◆ Task description
Sift the material for lines containing "Music", and return them.

◆ Input data

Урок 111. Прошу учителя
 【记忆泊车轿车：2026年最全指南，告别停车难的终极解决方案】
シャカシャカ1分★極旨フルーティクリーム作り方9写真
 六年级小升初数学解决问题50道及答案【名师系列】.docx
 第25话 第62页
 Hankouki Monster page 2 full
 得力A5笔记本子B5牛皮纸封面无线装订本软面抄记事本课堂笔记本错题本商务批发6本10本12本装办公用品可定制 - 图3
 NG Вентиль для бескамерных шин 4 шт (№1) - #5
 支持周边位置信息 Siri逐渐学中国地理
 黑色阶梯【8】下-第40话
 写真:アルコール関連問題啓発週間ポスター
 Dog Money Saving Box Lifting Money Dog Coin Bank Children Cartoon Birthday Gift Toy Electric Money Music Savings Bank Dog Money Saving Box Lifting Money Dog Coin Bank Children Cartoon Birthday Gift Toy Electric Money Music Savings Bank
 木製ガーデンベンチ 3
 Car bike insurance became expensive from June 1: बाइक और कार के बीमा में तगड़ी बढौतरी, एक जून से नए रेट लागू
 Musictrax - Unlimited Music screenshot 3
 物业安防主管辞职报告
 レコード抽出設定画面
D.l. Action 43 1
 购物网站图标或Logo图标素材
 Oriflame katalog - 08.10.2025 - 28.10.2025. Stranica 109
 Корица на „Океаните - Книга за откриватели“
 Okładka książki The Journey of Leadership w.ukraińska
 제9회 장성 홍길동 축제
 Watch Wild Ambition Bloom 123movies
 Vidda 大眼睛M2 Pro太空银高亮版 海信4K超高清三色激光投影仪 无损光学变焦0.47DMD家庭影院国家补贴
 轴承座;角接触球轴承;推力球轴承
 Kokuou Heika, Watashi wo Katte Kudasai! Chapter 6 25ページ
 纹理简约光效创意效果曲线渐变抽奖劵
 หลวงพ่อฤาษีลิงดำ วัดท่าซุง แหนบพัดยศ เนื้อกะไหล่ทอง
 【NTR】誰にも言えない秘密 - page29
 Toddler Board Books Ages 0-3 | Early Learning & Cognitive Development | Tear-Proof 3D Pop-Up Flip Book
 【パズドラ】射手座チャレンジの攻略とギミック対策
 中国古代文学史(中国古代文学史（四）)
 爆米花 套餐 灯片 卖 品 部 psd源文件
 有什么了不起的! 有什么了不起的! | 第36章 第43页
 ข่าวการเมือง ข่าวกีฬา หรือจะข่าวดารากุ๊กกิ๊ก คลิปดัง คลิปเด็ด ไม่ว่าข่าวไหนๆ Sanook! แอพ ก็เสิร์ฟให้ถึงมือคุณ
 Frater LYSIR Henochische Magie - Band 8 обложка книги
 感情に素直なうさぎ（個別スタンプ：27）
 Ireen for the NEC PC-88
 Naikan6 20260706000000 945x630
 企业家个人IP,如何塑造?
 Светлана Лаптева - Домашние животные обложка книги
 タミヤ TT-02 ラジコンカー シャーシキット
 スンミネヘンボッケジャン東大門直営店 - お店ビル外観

◆ Response
 Dog Money Saving Box Lifting Money Dog Coin Bank Children Cartoon Birthday Gift Toy Electric Money Music Savings Bank Dog Money Saving Box Lifting Money Dog Coin Bank Children Cartoon Birthday Gift Toy Electric Money Music Savings Bank
 Musictrax - Unlimited Music screenshot 3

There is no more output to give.